*** Opening The data ***

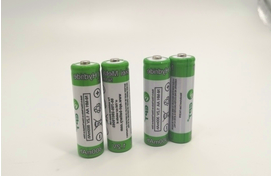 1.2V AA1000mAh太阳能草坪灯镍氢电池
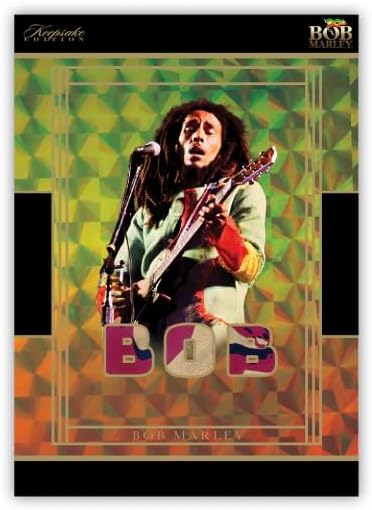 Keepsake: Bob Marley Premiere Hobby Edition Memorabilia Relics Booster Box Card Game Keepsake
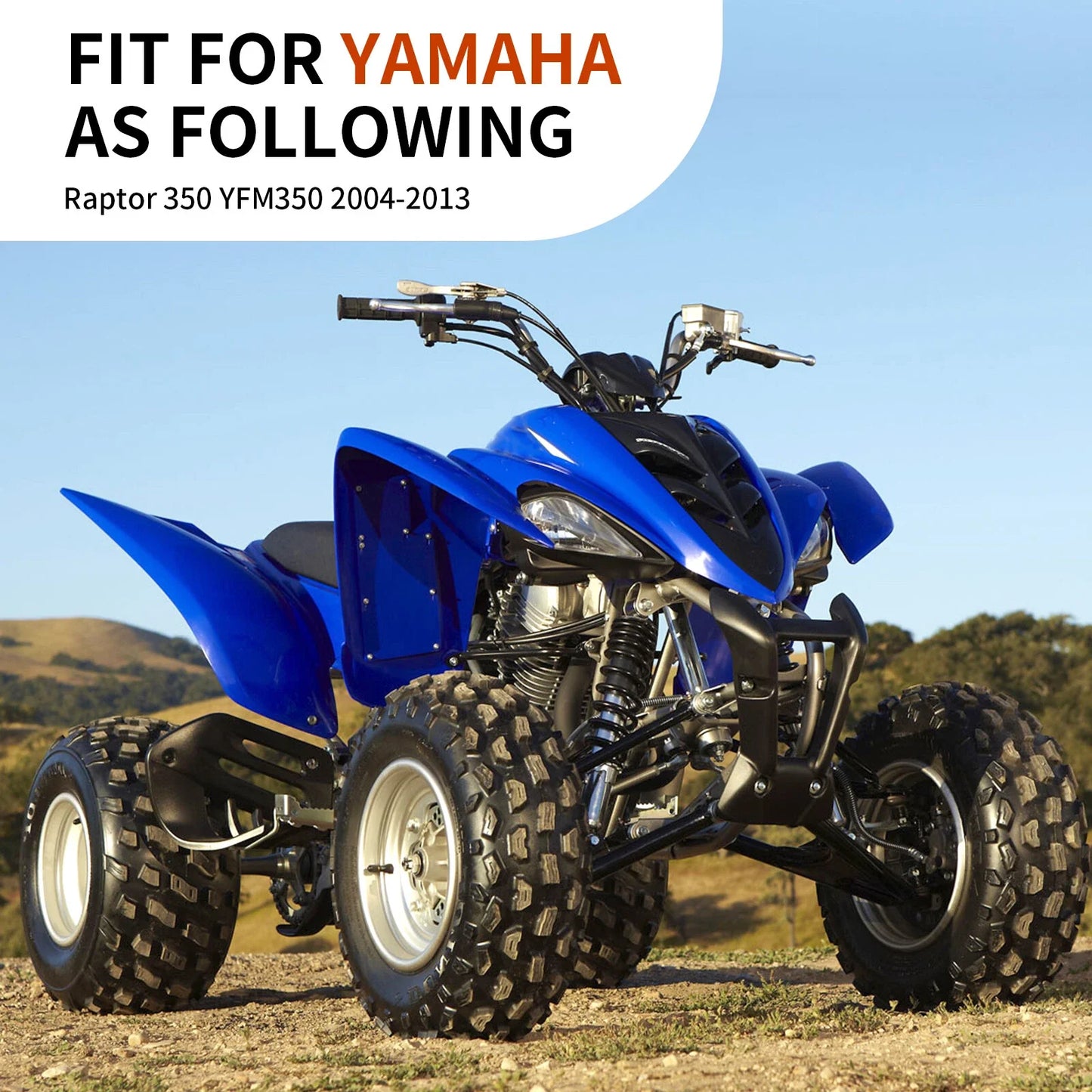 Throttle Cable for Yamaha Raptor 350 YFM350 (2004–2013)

*** Closing The data ***

Task:
Word for word, retype all of the data above, but include no pictures.

The completed task:
 1.2V AA1000mAh太阳能草坪灯镍氢电池
 Keepsake: Bob Marley Premiere Hobby Edition Memorabilia Relics Booster Box Card Game Keepsake
 Throttle Cable for Yamaha Raptor 350 YFM350 (2004–2013)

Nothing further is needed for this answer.